A Facebook post by Rabbi Glick’s niece, Chevi Levin, is quoted: “This is NOT a case of no evidence or stale evidence. Rather, police have rejected the allegations, which were vexatious and wholly without substance. Police have further denied the accuser avenues of furthering his fictitious claim to the DPP.

“Unfortunately, there is little which can be done to prevent false accusers from making claims against ANYONE (a scary thought indeed!) Yet today, justice has triumphed. Today, Hashem’s help and guidance has set an innocent man free. Today, community support has warmed our hearts. And today- well, today is the day that Rabbi Glick gets his life back.”

In response, a number of people have called for Manny Waks to make a statement regarding the dropped charges.

Mr. Waks is currently in Israel, which may explain a delay in releasing a statement, if he is required to consult with board members before commenting on a case that is the subject of ongoing legal action. In December last year, Rabbi Glick began defamation action against Mr. Waks over Mr Waks’s role in publicising the bima rape accusations.

Because Mr Waks was so vocal when the allegations first came to light – indeed, he offered me (Alex Fein) an interview with the person making the accusation, which I turned down for ethical reasons – there is a widespread feeling within the religious community that an apology should be forthcoming.

Many Orthodox Jews – both on the left and right – felt that Mr Waks’s response to Bima rape case was injudicious and was characteristic of his hostility to the Orthodox community, unfairly tarnishing all religious Jews, even though many were initially  very supportive of Mr. Waks and his campaign to expose cover ups of abuse at Yeshivah College.

Indeed, there is a degree of anger at the media portrayal of Mr. Waks and his father, Zephania. Many Orthodox Jews feel that disingenuous statements had been made and remained unquestioned by journalists. There is particular concern about an upcoming ABC documentary, The Whistleblowers, in which Manny Waks’s parents, Zephania and Chaya, allege they have been forced to leave Melbourne due to their campaign against abuse. This claim has been strongly refuted by their son, Avi Yemini, in an extremely raw and emotional Facebook post in which he excoriated his father for what he believed was gross hypocrisy.

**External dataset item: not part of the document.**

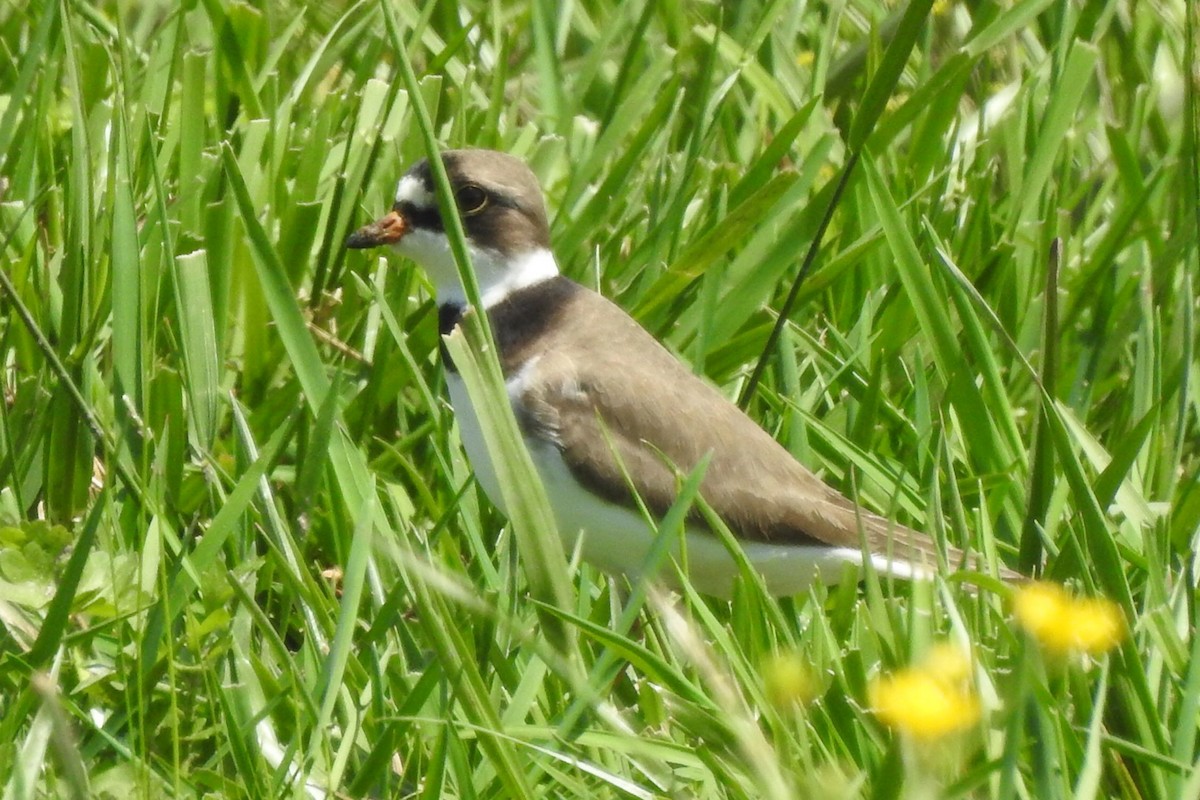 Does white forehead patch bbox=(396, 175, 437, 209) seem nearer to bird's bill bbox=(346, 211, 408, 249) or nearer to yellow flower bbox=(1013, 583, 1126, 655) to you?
bird's bill bbox=(346, 211, 408, 249)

There is currently a petition circulating in the community that expresses disquiet with the manner in which the Whistleblowers was filmed. It states, “Our children were videoed and photographed without knowledge or consent of parents for a documentary called “The Whistleblowers” to be aired on the ABC’s Compass program. Film crew were stationed directly near the entrance and exit of our school during morning drop off and afternoon pick up times. The school was not informed, parents were not given a chance to opt out of the filming and the film crew would not leave when requested and police had to be called. ABC should not be allowed to use footage of parents or children without their consent and we are petitioning to exercise our rights to opt out of appearing in this documentary.”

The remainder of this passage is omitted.